Legend of the Roller Blade Seven
A collaboration between auteurs Donald Jackson and Scott Shaw, this post-apocalyptic movie is a fine example of Zen Filmmaking (i.e. filming whatever crap comes to mind with whatever actors and costumes we can throw together before the cops show up.) Imagine Tommy Wiseau remaking Mad Max and you can just about imagine what this is like.
I've seen this movie and it would be prime riffing material. But you'd have to make sure it was the original VHS version rather than the version currently on sale on Scott Shaw's website.
See, here's a shocking factoid - there's actually a movie Scott Shaw and Donald G. Jackson were ashamed of and didn't want their names attached to. And that was Legend of the Rollerblade 7.
According to Shaw, the VHS version of the movie was put together by one of their other producers, without their permission, using footage from The Rollerblade 7 and Return of the Rollerblade 7. And it is even more nonsensical than a standard Shaw/Jackson production.

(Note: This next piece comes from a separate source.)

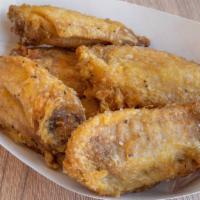 Fried Chicken Wing · 6 pcs Fried Chicken Wings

...Scott Shaw, of Rollergator fame?
The master of Zen film-making Scott Shaw, a beautiful blonde warrior who doesn't know how to use a sword, a mime wielding a pair of baseball bats as weapons, a banjo player wearing a top-hat and rollerblading, a sub-plot involving Buddy Holly and Ritche Valens, plastic toy katana battles in a ditch, and Frank Stallone! Yes, this one is ripe for the riffing!
Devan Gladden commented
What if "Mad Max" and "Teenage Mutant Ninja Turtles" had a freak offspring of a movie? What if half naked ninja chicks on roller blades with samurai swords clashed with punks to the sound of a banjo? What if I wasn't making all this up? Yes 1991's "Roller Blade Seven" truly exists, and it makes "Eraserhead" look like a 6th grade art project. What if THE WHEEL ZONE is something that's really damn important? What if you went forth now and skated the path of righteousness? What if...it's a trilogy?